Creating the Nodes of the Quantum Internet: A Journey Through Quantum Memories and Entanglement Distribution
Tell us about your journey as a scientist up to now. What’s your academic background?
My journey in experimental quantum physics started with several internships at the University of Innsbruck. In 2015, I finished my Master’s thesis research on single-qubit manipulation of trapped ions at and continued working with ions for quantum networking during my PhD research in Innsbruck. After graduating, I joined in 2022 the group of Prof. Hugues de Riedmatten at the Institute of Photonic Sciences (ICFO) in Barcelona, where I now develop quantum repeaters.
Can you tell us about your current research activities? Share something exciting about your Quantum Storage paper.
Currently, my research focuses on quantum memories based on crystals doped with rare-earth ions. These crystals are combined with sources of entangled photon-pairs and together build an elementary node of a quantum network. By connecting several of these nodes together, we will distribute entanglement over large distances, which forms the basis of a future quantum internet.
In our recent papers, we developed an array of solid-state quantum memories to increase the entanglement distribution rate and stored qubits, the quantum counterpart of a classical bit, in this array. This demonstration is a step towards a random-access quantum memory, which may enhance the capabilities of a future photonic quantum computer.

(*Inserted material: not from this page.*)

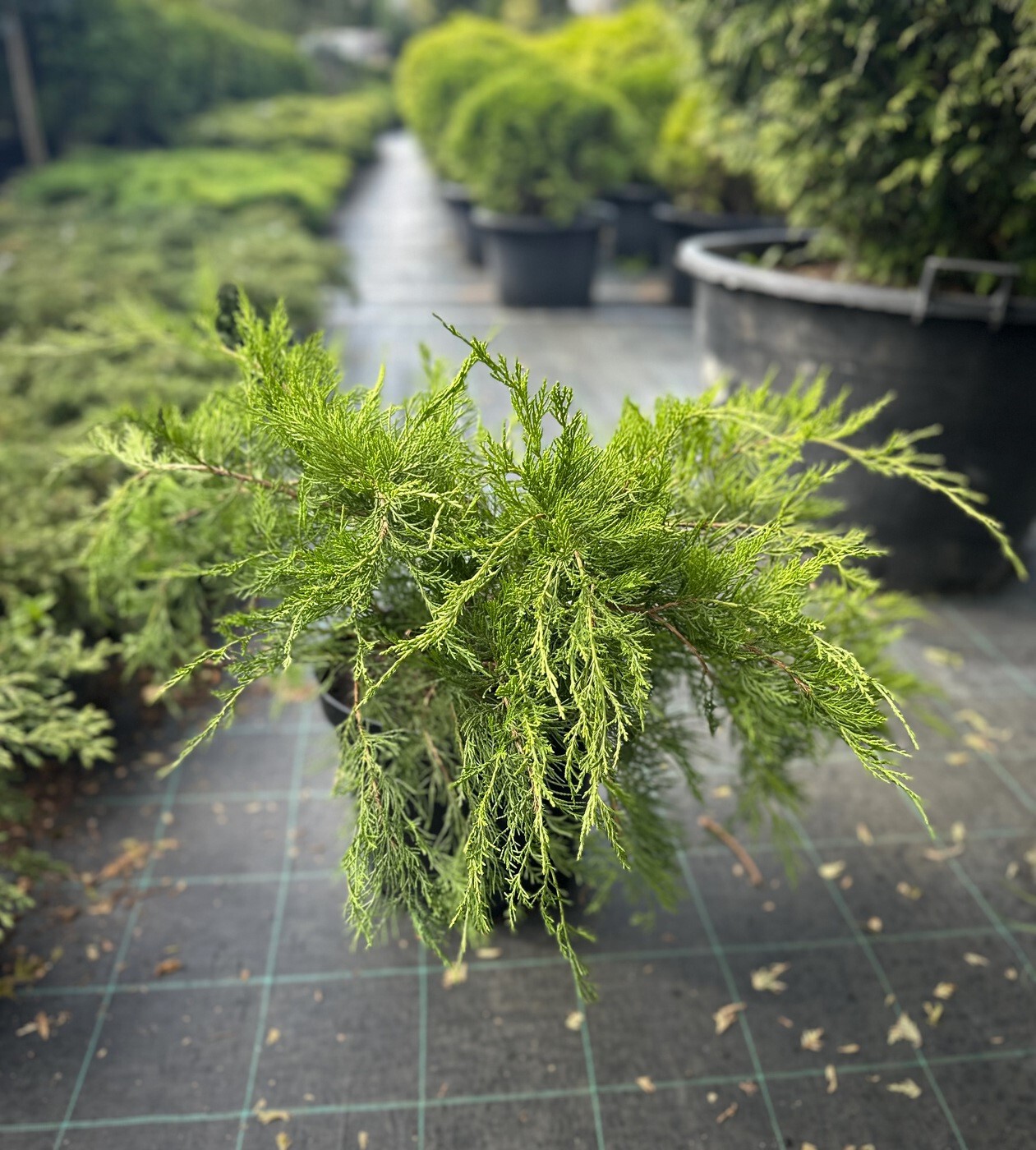 Можжевельник средний Минт Джулеп (Mint Julep)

How do you see the technology that you are developing impacting everyday life in the future?
A future quantum internet has a wide range of potential applications, as distant quantum computers are connected to share quantum information. A practical example is blind quantum computing, where the quantum computer performs a task requested by a client without gaining information on the computation itself.
What are the next challenges you will need to face to achieve your goals?
One of the next challenges is to increase the efficiency of our quantum memory array, for which we will place mirrors around the crystal. Thus, incoming light passes the crystal multiple times and the storage efficiency increases.
How does the Zurich Instruments HDAWG support your research?
The arbitrary waveform generator (HDAWG) is the heart of the experimental control system of this memory array. The quantum memory preparation and storage sequences are controlled through a python API that connects to the HDWAG. Additionally, the photons retrieved from the quantum memory are counted with the built-in time taggers of the HDWAG.
What is the craziest thing you’ve done (or would have liked to do) in your scientific career?
During my PhD, I participated in an experiment in which we entangled two ions separated by 230m in different buildings. We were sending photons from one side to another while being on a videocall with our colleagues in the other building. Frequently, we were asking “Do you see the detector clicks?” This reminded us of the beginning of the classical internet – “Can you see the L?” during the ARPANET project.